[Dataset excerpts]

----

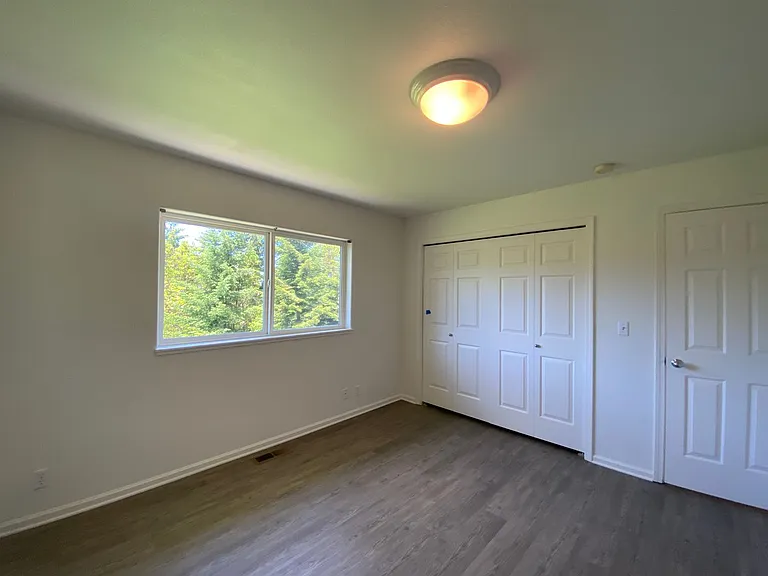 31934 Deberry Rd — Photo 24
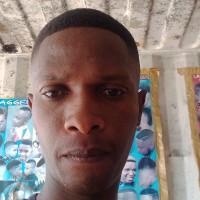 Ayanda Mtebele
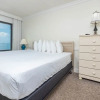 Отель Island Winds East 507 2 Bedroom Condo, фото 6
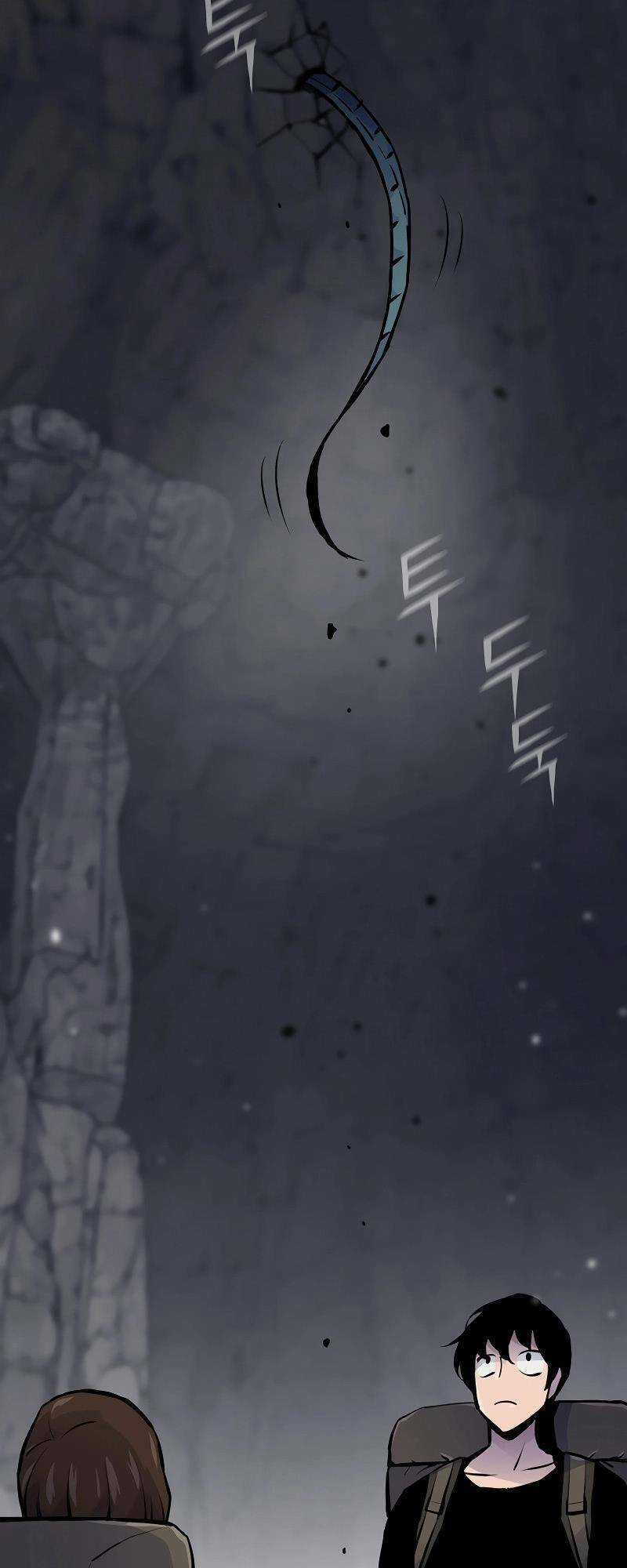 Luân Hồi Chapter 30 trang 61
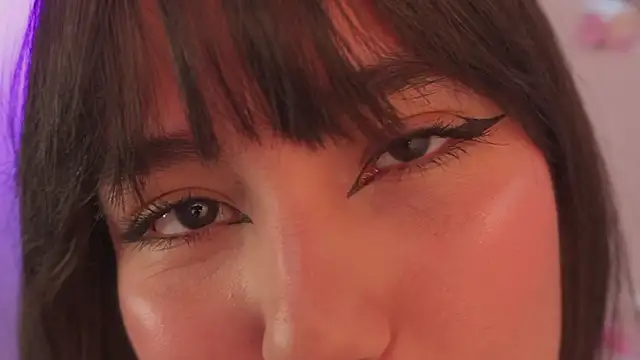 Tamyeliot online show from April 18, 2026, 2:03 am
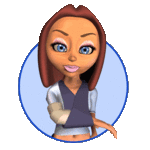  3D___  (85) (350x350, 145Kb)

----

What to do - Each entry above should come back word for word, and no picture should come with it.

Solution to this exercise -
 31934 Deberry Rd — Photo 24
 Ayanda Mtebele
 Отель Island Winds East 507 2 Bedroom Condo, фото 6
 Luân Hồi Chapter 30 trang 61
 Tamyeliot online show from April 18, 2026, 2:03 am
  3D___  (85) (350x350, 145Kb)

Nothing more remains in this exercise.